**TASK GOAL**: Beginning at the line containing "Así se modifica" in the material below and ending at the line containing "IHC image of", return each line exactly and add nothing.

**STORED DATA**:
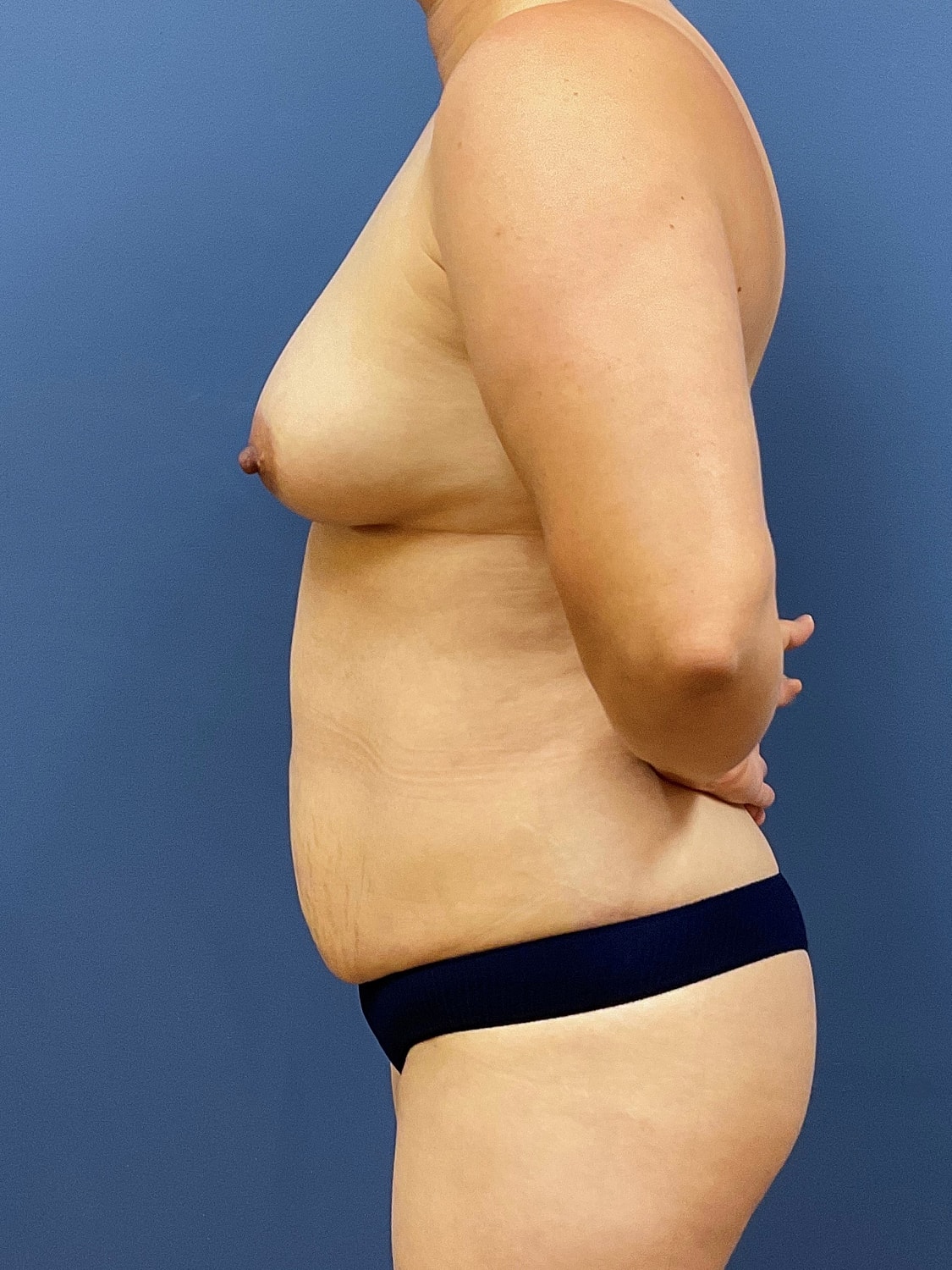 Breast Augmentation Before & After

...

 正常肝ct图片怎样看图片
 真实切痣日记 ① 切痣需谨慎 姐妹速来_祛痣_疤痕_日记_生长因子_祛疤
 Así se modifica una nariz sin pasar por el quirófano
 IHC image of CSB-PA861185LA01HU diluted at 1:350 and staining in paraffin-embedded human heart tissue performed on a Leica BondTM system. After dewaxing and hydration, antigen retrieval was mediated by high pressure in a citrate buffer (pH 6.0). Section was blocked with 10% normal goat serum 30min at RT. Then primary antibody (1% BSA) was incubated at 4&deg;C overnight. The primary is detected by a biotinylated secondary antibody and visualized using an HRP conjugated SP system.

**FINISHED EXERCISE**:
 Así se modifica una nariz sin pasar por el quirófano
 IHC image of CSB-PA861185LA01HU diluted at 1:350 and staining in paraffin-embedded human heart tissue performed on a Leica BondTM system. After dewaxing and hydration, antigen retrieval was mediated by high pressure in a citrate buffer (pH 6.0). Section was blocked with 10% normal goat serum 30min at RT. Then primary antibody (1% BSA) was incubated at 4&deg;C overnight. The primary is detected by a biotinylated secondary antibody and visualized using an HRP conjugated SP system.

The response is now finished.